■ REQUIRED ACTION
From the first entry to the last, repeat them all exactly.

■ Collected data
----------------------------------------

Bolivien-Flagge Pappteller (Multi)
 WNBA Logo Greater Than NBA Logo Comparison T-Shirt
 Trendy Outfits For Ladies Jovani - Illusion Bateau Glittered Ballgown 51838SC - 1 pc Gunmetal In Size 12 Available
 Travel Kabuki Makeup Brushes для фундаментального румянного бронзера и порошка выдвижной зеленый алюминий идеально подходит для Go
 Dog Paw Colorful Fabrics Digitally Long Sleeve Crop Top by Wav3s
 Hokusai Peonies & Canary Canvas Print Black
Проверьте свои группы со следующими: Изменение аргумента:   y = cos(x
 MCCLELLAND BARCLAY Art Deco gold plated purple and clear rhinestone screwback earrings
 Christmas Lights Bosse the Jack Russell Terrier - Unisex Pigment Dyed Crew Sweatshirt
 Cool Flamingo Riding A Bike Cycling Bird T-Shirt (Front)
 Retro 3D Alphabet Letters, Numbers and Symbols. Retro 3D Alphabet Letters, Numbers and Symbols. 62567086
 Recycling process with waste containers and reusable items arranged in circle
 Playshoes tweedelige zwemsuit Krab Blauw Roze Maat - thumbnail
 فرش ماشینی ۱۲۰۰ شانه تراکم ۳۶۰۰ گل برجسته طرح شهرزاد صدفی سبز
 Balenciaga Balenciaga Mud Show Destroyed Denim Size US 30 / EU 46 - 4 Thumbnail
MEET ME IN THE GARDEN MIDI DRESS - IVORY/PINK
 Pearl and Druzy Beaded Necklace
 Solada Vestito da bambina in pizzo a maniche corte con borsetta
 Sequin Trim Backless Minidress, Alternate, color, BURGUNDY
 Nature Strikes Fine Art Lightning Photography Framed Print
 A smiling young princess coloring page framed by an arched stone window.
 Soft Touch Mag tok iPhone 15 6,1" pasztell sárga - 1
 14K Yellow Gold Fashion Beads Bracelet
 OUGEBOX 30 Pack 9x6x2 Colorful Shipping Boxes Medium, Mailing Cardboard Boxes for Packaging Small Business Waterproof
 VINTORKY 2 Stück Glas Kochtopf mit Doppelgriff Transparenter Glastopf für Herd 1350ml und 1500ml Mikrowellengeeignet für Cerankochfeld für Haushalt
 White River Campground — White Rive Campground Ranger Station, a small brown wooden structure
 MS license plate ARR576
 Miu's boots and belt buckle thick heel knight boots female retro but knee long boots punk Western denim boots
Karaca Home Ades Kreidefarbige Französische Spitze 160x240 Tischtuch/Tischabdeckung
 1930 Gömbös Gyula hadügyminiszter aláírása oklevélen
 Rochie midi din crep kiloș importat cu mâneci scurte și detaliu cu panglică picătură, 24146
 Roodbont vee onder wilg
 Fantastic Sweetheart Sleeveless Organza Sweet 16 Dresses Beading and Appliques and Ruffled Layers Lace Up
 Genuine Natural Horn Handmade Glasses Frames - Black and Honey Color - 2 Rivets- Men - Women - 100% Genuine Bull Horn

----------------------------------------

■ TASK SOLUTION
Bolivien-Flagge Pappteller (Multi)
 WNBA Logo Greater Than NBA Logo Comparison T-Shirt
 Trendy Outfits For Ladies Jovani - Illusion Bateau Glittered Ballgown 51838SC - 1 pc Gunmetal In Size 12 Available
 Travel Kabuki Makeup Brushes для фундаментального румянного бронзера и порошка выдвижной зеленый алюминий идеально подходит для Go
 Dog Paw Colorful Fabrics Digitally Long Sleeve Crop Top by Wav3s
 Hokusai Peonies & Canary Canvas Print Black
Проверьте свои группы со следующими: Изменение аргумента:   y = cos(x
 MCCLELLAND BARCLAY Art Deco gold plated purple and clear rhinestone screwback earrings
 Christmas Lights Bosse the Jack Russell Terrier - Unisex Pigment Dyed Crew Sweatshirt
 Cool Flamingo Riding A Bike Cycling Bird T-Shirt (Front)
 Retro 3D Alphabet Letters, Numbers and Symbols. Retro 3D Alphabet Letters, Numbers and Symbols. 62567086
 Recycling process with waste containers and reusable items arranged in circle
 Playshoes tweedelige zwemsuit Krab Blauw Roze Maat - thumbnail
 فرش ماشینی ۱۲۰۰ شانه تراکم ۳۶۰۰ گل برجسته طرح شهرزاد صدفی سبز
 Balenciaga Balenciaga Mud Show Destroyed Denim Size US 30 / EU 46 - 4 Thumbnail
MEET ME IN THE GARDEN MIDI DRESS - IVORY/PINK
 Pearl and Druzy Beaded Necklace
 Solada Vestito da bambina in pizzo a maniche corte con borsetta
 Sequin Trim Backless Minidress, Alternate, color, BURGUNDY
 Nature Strikes Fine Art Lightning Photography Framed Print
 A smiling young princess coloring page framed by an arched stone window.
 Soft Touch Mag tok iPhone 15 6,1" pasztell sárga - 1
 14K Yellow Gold Fashion Beads Bracelet
 OUGEBOX 30 Pack 9x6x2 Colorful Shipping Boxes Medium, Mailing Cardboard Boxes for Packaging Small Business Waterproof
 VINTORKY 2 Stück Glas Kochtopf mit Doppelgriff Transparenter Glastopf für Herd 1350ml und 1500ml Mikrowellengeeignet für Cerankochfeld für Haushalt
 White River Campground — White Rive Campground Ranger Station, a small brown wooden structure
 MS license plate ARR576
 Miu's boots and belt buckle thick heel knight boots female retro but knee long boots punk Western denim boots
Karaca Home Ades Kreidefarbige Französische Spitze 160x240 Tischtuch/Tischabdeckung
 1930 Gömbös Gyula hadügyminiszter aláírása oklevélen
 Rochie midi din crep kiloș importat cu mâneci scurte și detaliu cu panglică picătură, 24146
 Roodbont vee onder wilg
 Fantastic Sweetheart Sleeveless Organza Sweet 16 Dresses Beading and Appliques and Ruffled Layers Lace Up
 Genuine Natural Horn Handmade Glasses Frames - Black and Honey Color - 2 Rivets- Men - Women - 100% Genuine Bull Horn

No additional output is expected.